Questions:

  1. Why not enable mutations to the substring?
  2. Can we generalize this to a slice for any container? Is the intention 
behind this design to generalize to other containers, such as seq?



As for strings having to end at '0' not enable slicing with O(1). I would argue 
that conversion to/from a C string is less common of an operation than slicing, 
i.e. just copy to a new string if you need convert to a C string.
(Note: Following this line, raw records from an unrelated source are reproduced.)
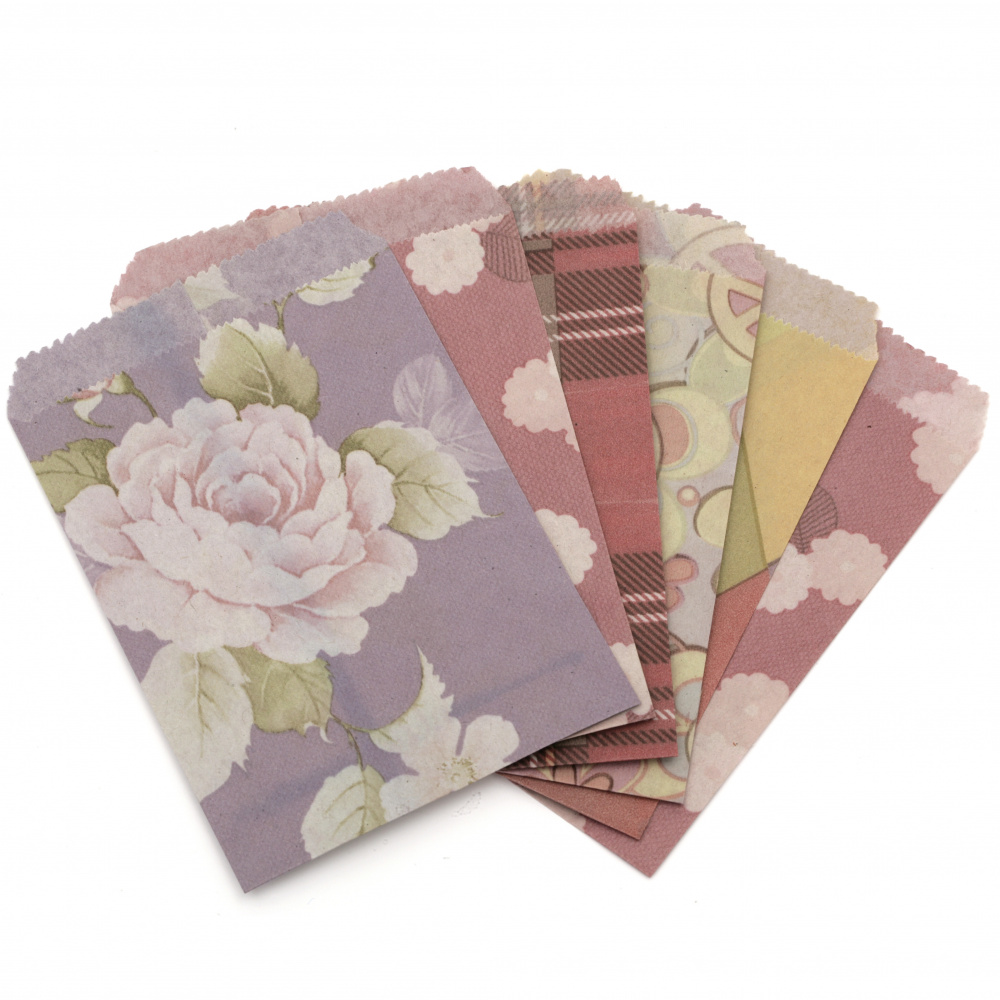 Paper envelope 9.5x12.5 cm with cover 1.5 cm ASSORTED models and colors -20 pieces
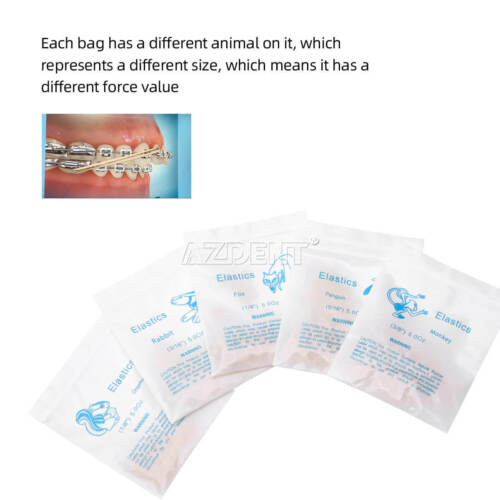 USA Dental Orthodontic Elastic Rubber Bands Latex Braces 3.5/5.0/6.5 OZ Zoo Pack - Picture 7 of 28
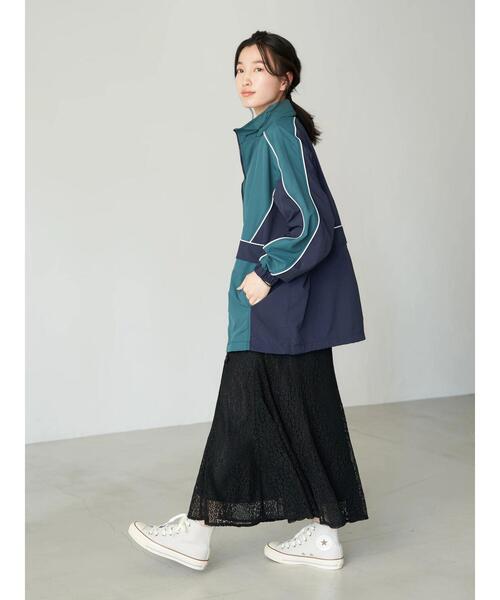 earth music&ecology（アースミュージックアンドエコロジー）の「切り替えマーメイドレーススカート（スカート・レディース・ブラック/オフホワイト/イエロー・FREE）」の11枚目の写真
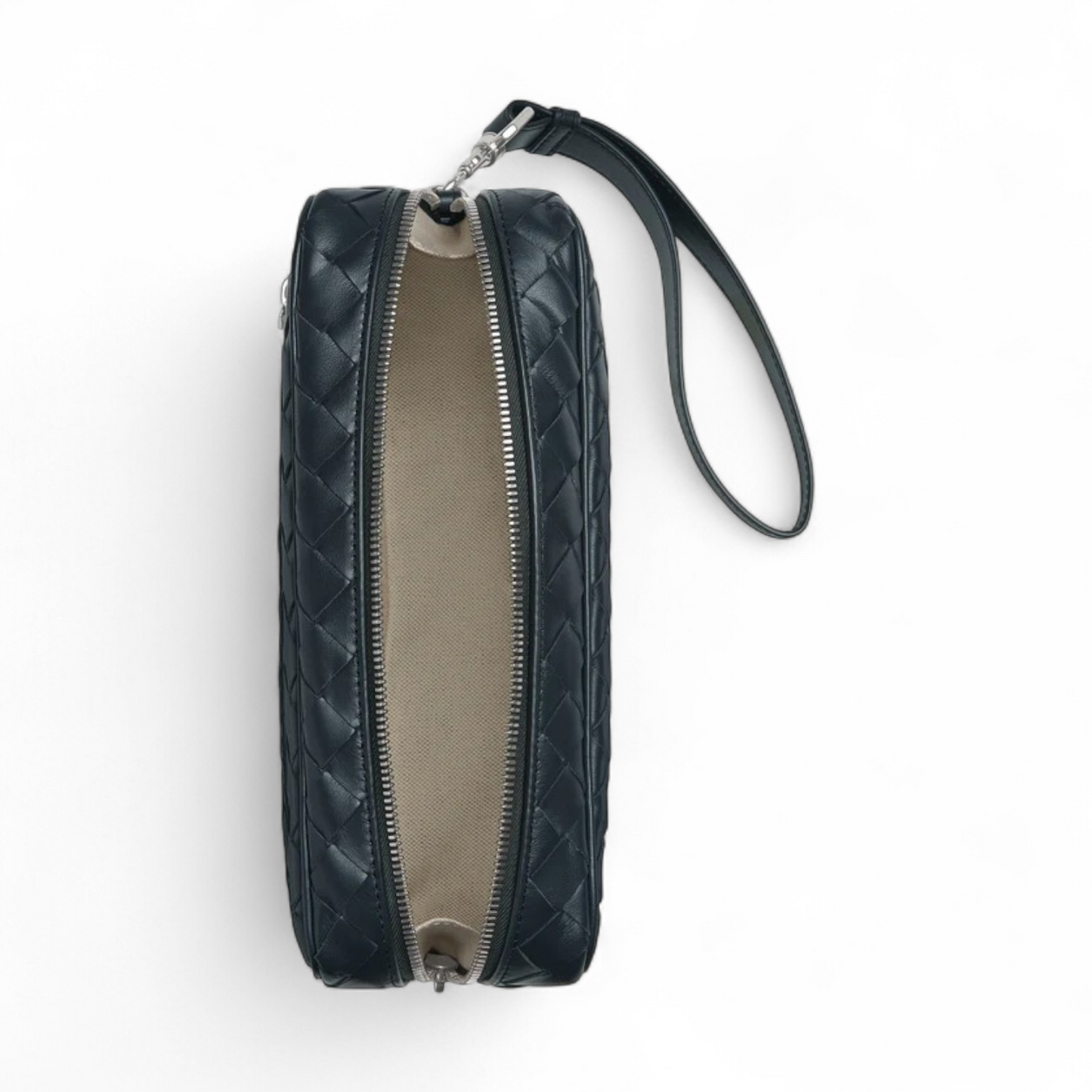 BOTTEGA VENETA INTRECCIATO SHADOW POUCH WITH WRISTLET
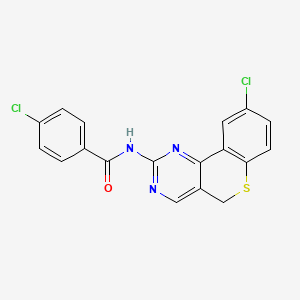 4-chloro-N-(9-chloro-5H-thiochromeno[4,3-d]pyrimidin-2-yl)benzenecarboxamide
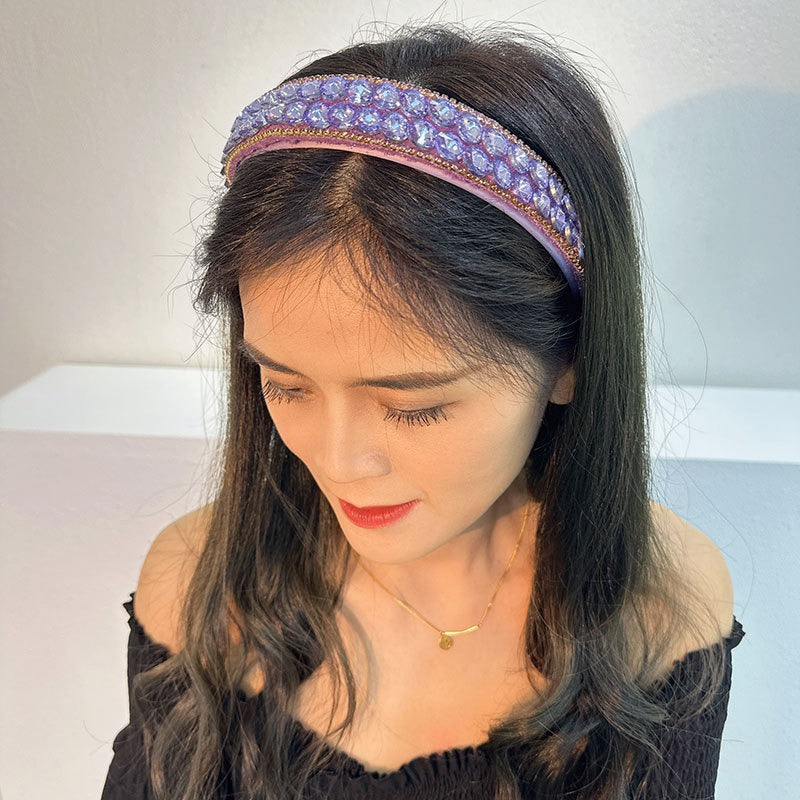 Double row geometric circular purple rhinestone women's fashionable hair compression headband - V.I.P Digital Presence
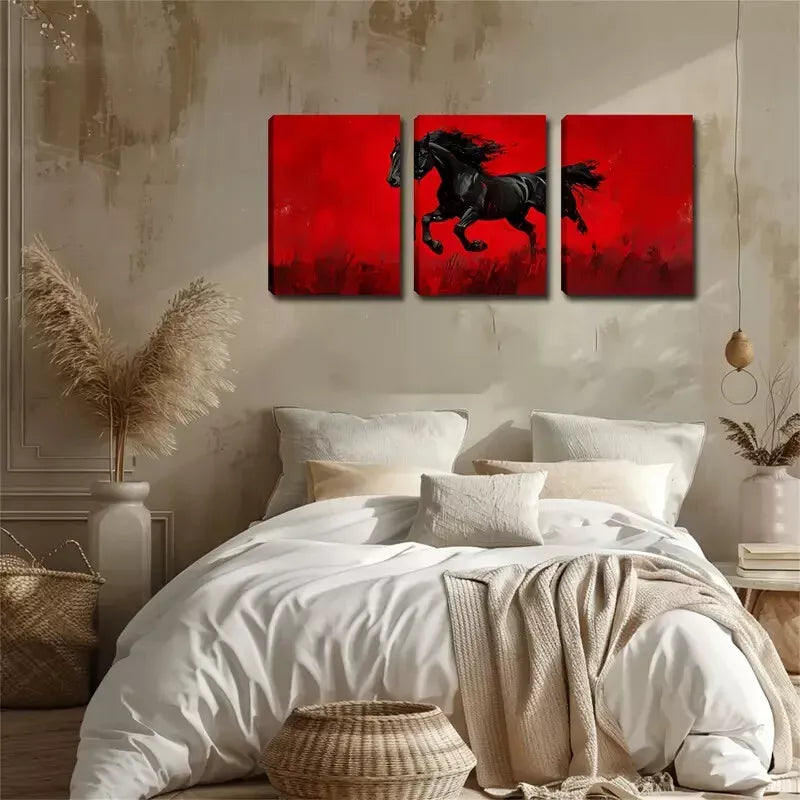 3-Piece Red Background Black Horse Wall Art Set - Framed Canvas 40x60cm - High Quality Print - 100% Australian Made - Ready to Hang - Perfect for Living Room, Bedroom & Office Decor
On the ABI design: where is the capacity stored (is there a capacity?). An 
alternative design is to use a single pointer (`char*`) to declare the string. 
You can then over-allocate memory for additional fields w.r.t metadata. The 
pointer you return will have to be offset to start at the start of the buffer 
string.

In stb headers they use this trick for stb_array, i.e. you can do the following
    
    
    float* myarr = NULL;
    stb_arr_push(my_array, 0.0f);
    stb_arr_push(my_array, 1.0f);
    stb_arr_push(my_array, 2.0f);
    
    for (int i = 0; i < stb_arr_len(my_array); ++i) {
        printf("%f\n", my_array[i]); // NOTE: you can index like a regular 
array in C
    }
    
    
    Run

For this case, you would store `(len, capacity, is_slice)` (is_slice in len if 
preferred). Of course, since this is at the language level, this is probably 
not necessary since we have operator overloading.

One other consideration: if generalizing to slices, you could store the stride 
as well - I imagine this would be a handy feature.